HC Deb 07 June 1861 vol 163 c759

said, he would beg to ask the Secretary of State for Foreign Affairs, Whether the proposal made by Her Majesty's Government to the United States, and the so styled Confederate States of America, to interdict the armed ships and also the privateers of both parties from carrying prizes made by them into the ports of the United Kingdom, or of any of Her Majesty's Colonies or possessions abroad, is or is not at variance with former practice; and also whether it is true that the Government of the United States have agreed to act towards the ships of this country on the principles laid down in the declaration of Paris?

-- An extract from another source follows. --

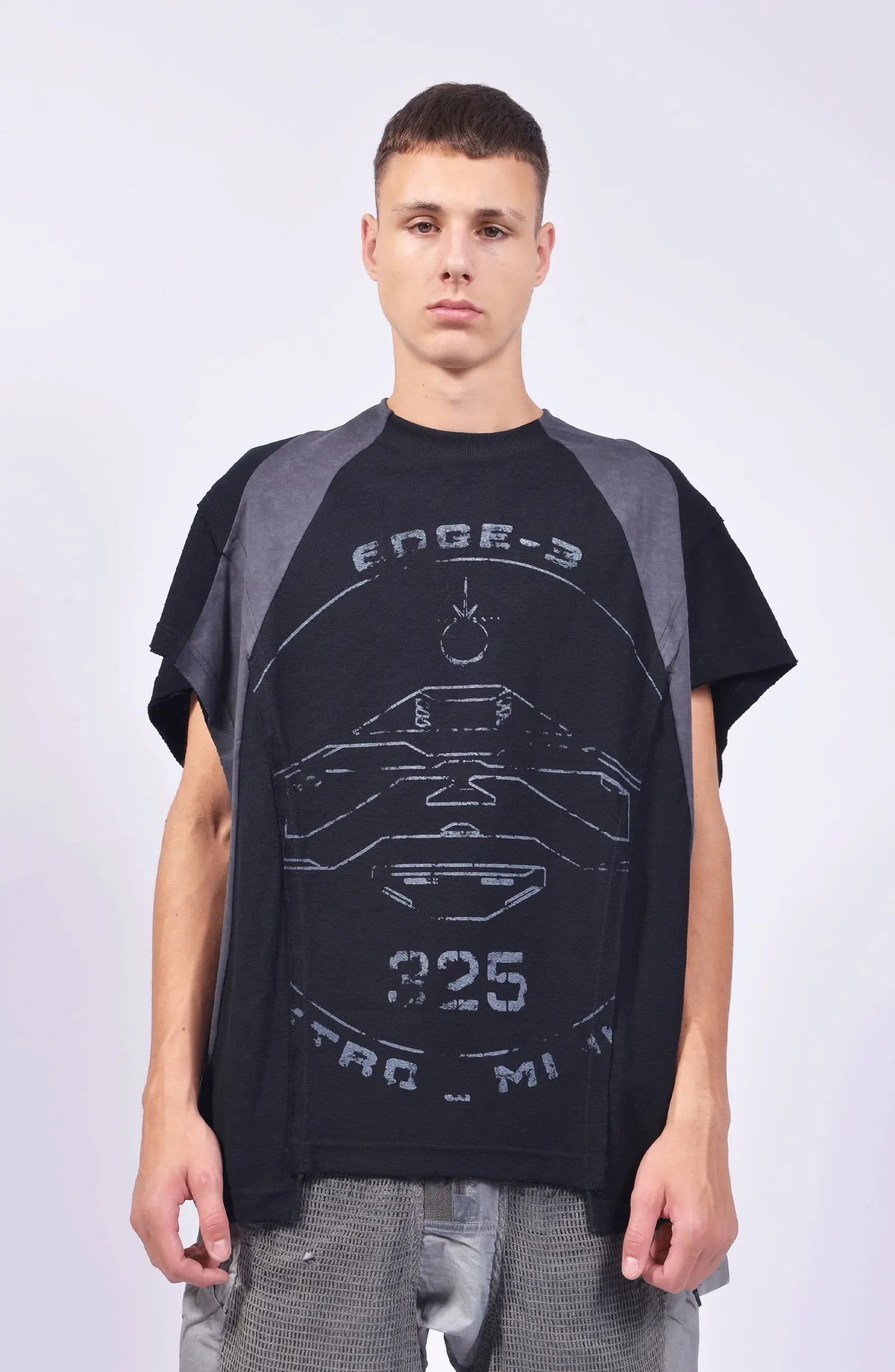 Hamcus, Mens Tank Top, Tanktop, Black, Grey, Dark Grey, Gray, Front and Back Print, Sleeveless Shirt, Grey Print, Patchwork, Panel Construction, Contrasting Elements, Front Portrait.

With regard, Sir, to the last question of the hon. Gentleman, that forms a part of the subject which the hon. Member for Galway county (Mr. Gregory) has intimated his intention of bringing forward to-night, and it is, therefore, better that I should defer any remarks upon it. We have made no proposal to the Government of the United States or to the Confederated States with regard to bringing in prizes to any of Her Majesty's ports; what we have done is to give orders to the authorities in the ports of the United Kingdom and to Her Majesty's Governors in the Colonies to interdict the entrance of ships of war or privateers with prizes into any of our ports. With regard to the usage it is difficult to say what the usage has been, because there is hardly any instance of a considerable maritime war, being carried on in which many prizes were made where this country has been neutral. There is no doubt, according to the opinion of the Queen's Advocate, supported by the authorities on the Law of Nations, that every Power has a right to interdict the entrance of prizes into their ports. Mr. Wheaten in his well known treatise lays it down that it is entirely within the discretion of any Power so to interdict the entrance of ships of war or privateers with prizes.